Patrick Semansky | AP
An Amazon executive told lawmakers on Tuesday that the e-retailer does not use data from individual third-party sellers on its marketplace to determine what new products to create, part of the company’s defense against claims that its actions may be anti-competitive.
At a hearing of the House Judiciary subcommittee on antitrust, Nate Sutton, associate general counsel at Amazon, said the data it collects is used to drive consumers to the right item or best deal regardless of who the seller is. In 2018, Amazon reported that third-party sales now make up 58% of its e-commerce business.
David Cicilline (D-RI), the chairman of the antitrust subcommittee, asked the following question of Sutton:
“You collect all this data about the most-popular products, where they’re selling, and you’re saying you don’t use that in any way to change an algorithm to support the sale of Amazon branded products?”

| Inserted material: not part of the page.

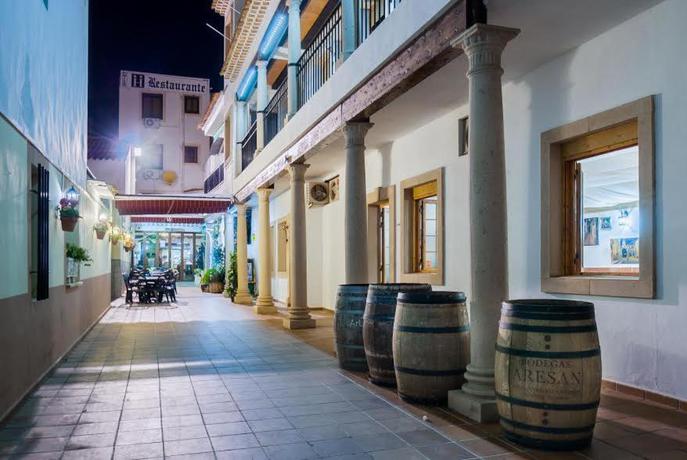 Imagen general del Hostal Nuevo Milán I. Foto 6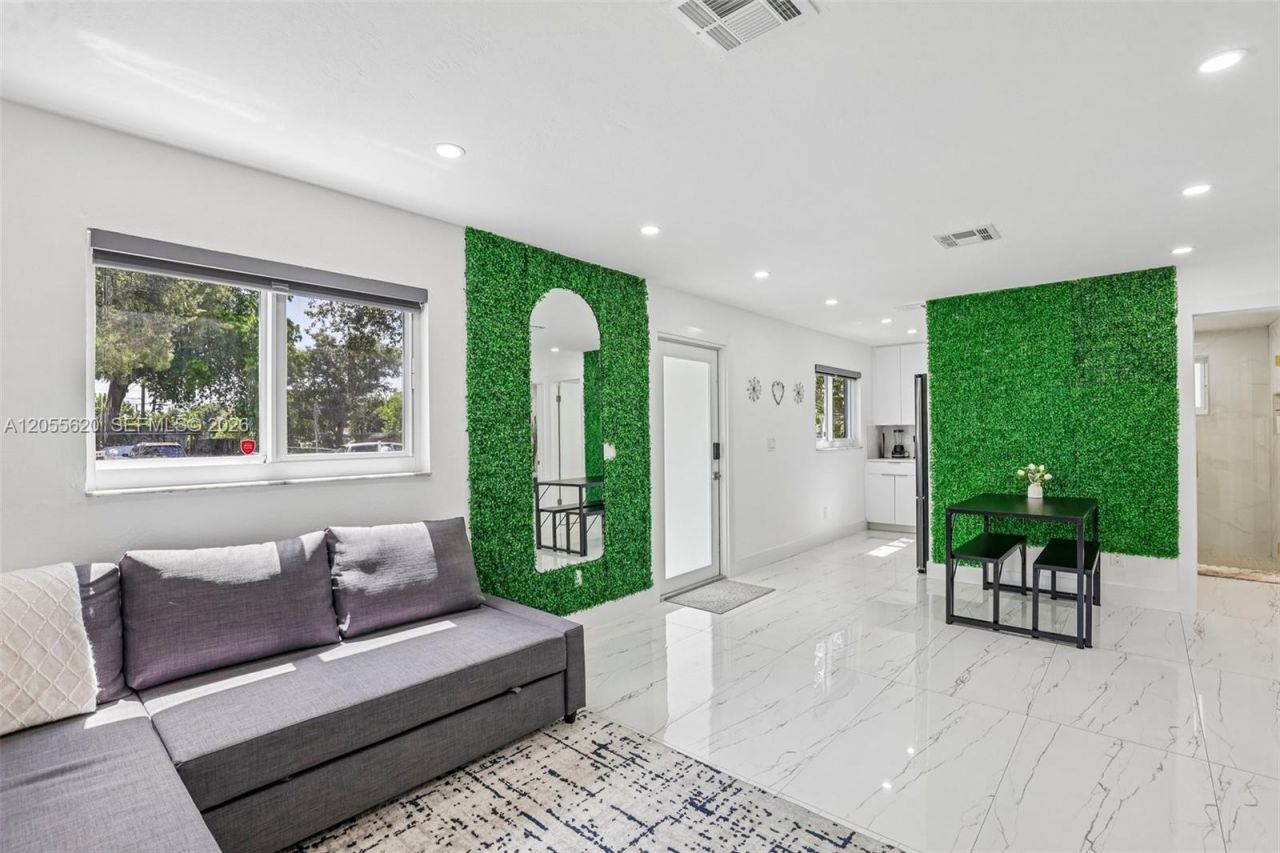316 N 61st Ave , Hollywood, FL 33024 Photo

Sutton responded that its algorithms are designed “to predict what customers want to buy, and we apply the same criteria whether you’re a third-party seller or Amazon to that because we want customers to make the right purchase regardless of whether it’s a seller or Amazon.”
Sutton was questioned alongside executives from Google, Facebook and Apple at a time when Big Tech is coming under increased scrutiny for how much control those companies have over consumer behavior and how they handle customers’ data. The group represented four of the world’s five most valuable companies.
Lawmakers like Sen. Elizabeth Warren, a Democratic candidate for president, have said that Amazon’ has an unfair advantage that third-party sellers could never fully overcome. Others concerned about antitrust claim Amazon undercuts those merchants in order to boost its own profits by driving business to its wholesale inventory and proprietary products. Amazon has a growing private label business, consisting of Amazon’s own brands in electronics, household goods, clothing and other categories.
“Our incentive is to help the seller succeed because we rely on them,” Sutton said. “They have many options. So we apply the same criteria to both and we do not use their individual data when we’re making decisions to launch private brands.”